» Dataset content:
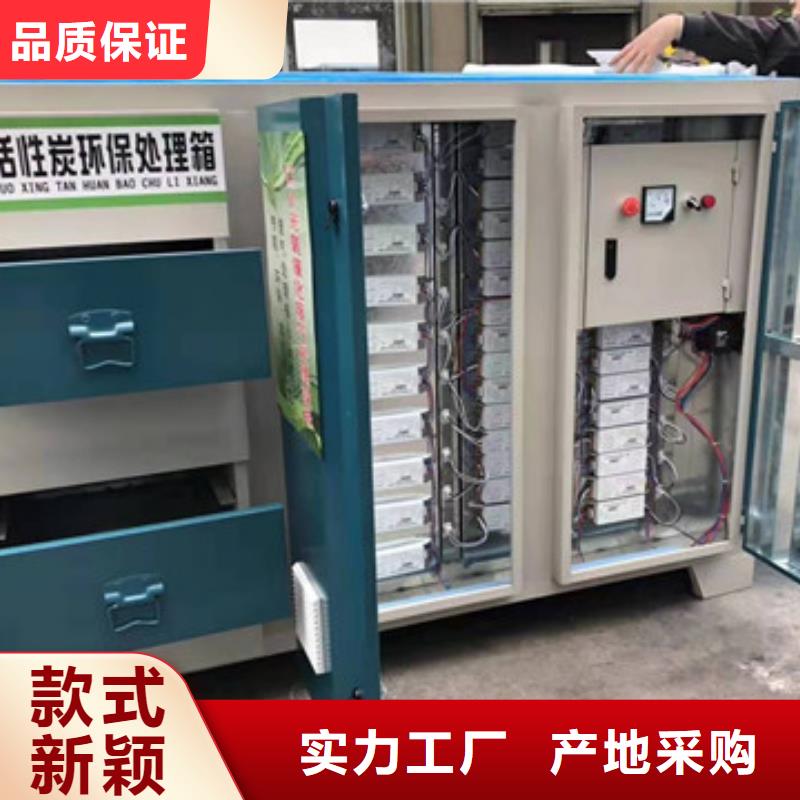 uv光氧催化环保废气处理设备-焊烟环保废气处理设备一站式采购方便省心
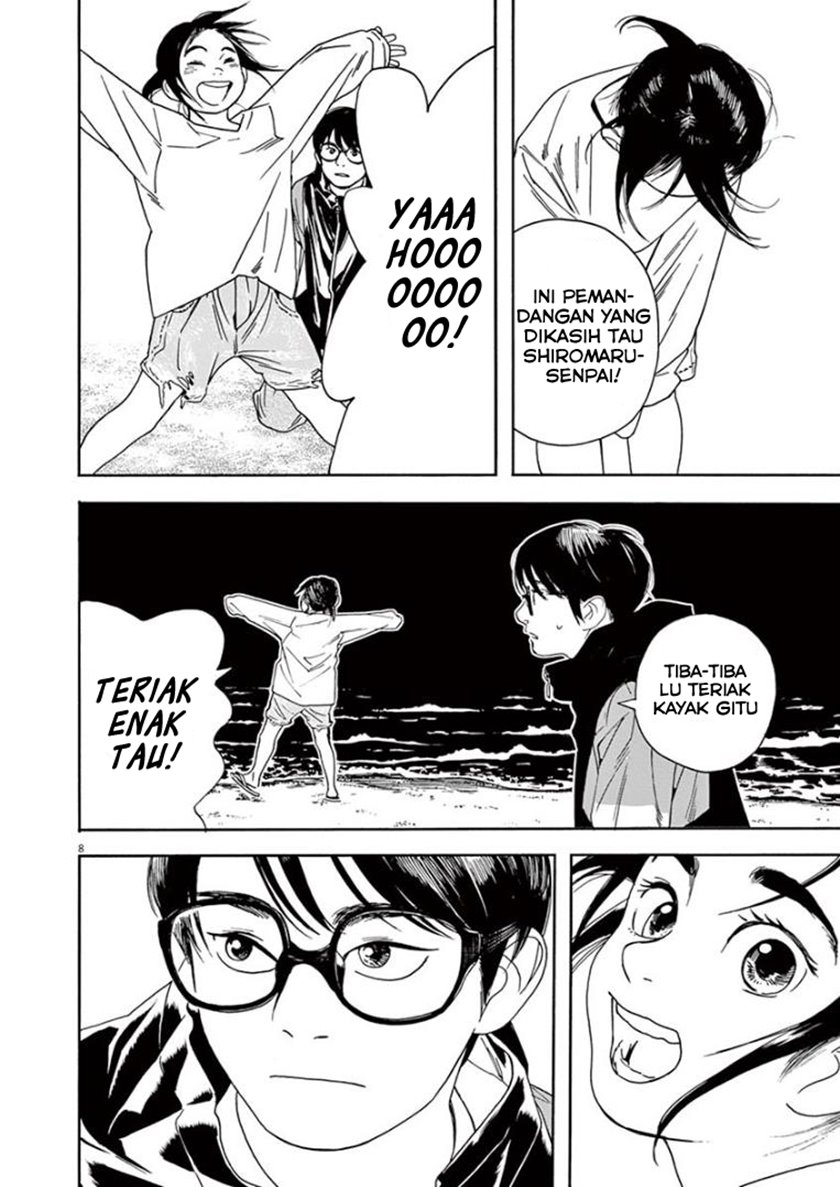 Insomniacs After School (Kimi wa Houkago Insomnia) Chapter 17 Gambar 8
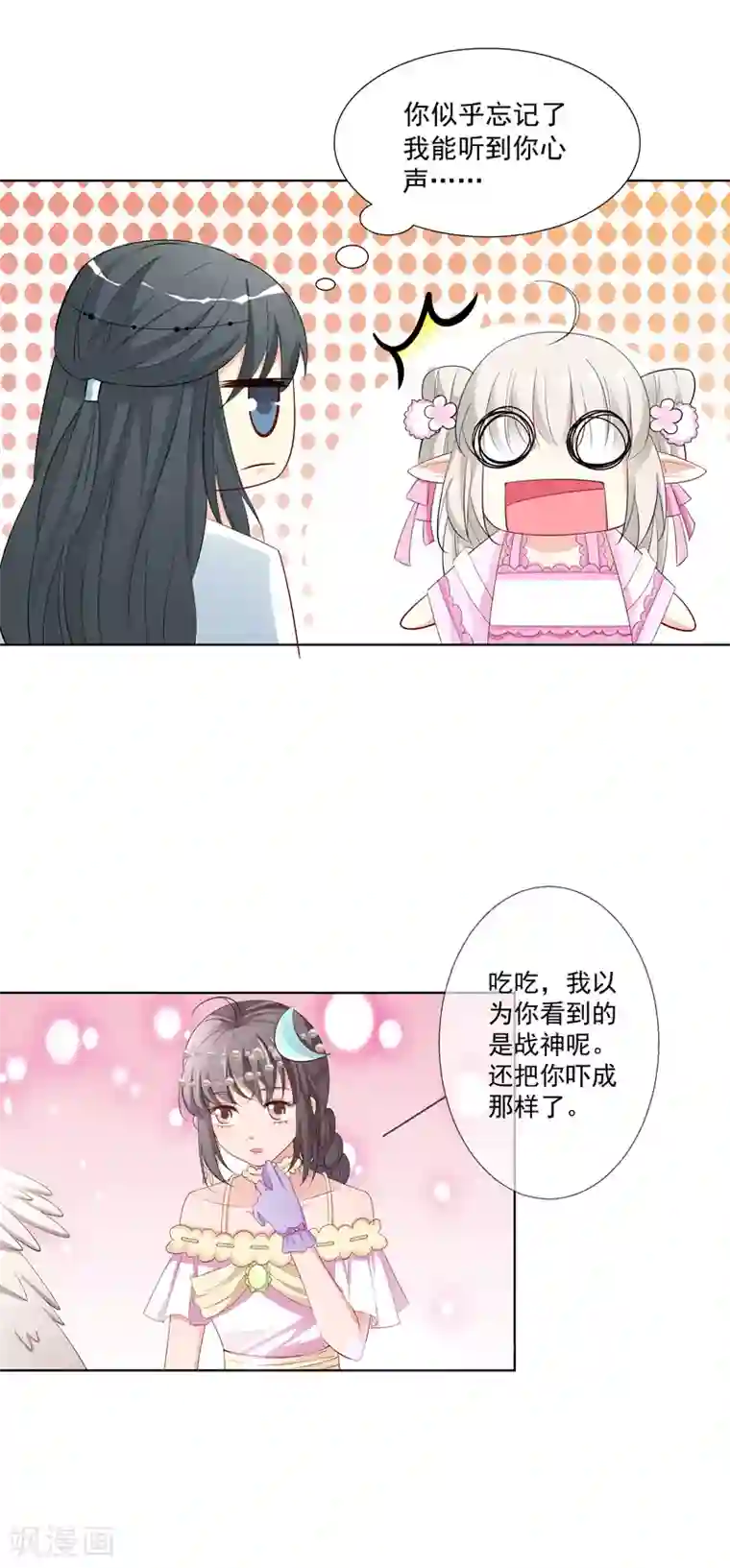 这个神兽有点萌系列之通天嗜宠第3季61话 姻缘井小情郎是谁？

» Instructions for the task: The material should be duplicated word for word, with no images included.

» Answer box:
 uv光氧催化环保废气处理设备-焊烟环保废气处理设备一站式采购方便省心
 Insomniacs After School (Kimi wa Houkago Insomnia) Chapter 17 Gambar 8
 这个神兽有点萌系列之通天嗜宠第3季61话 姻缘井小情郎是谁？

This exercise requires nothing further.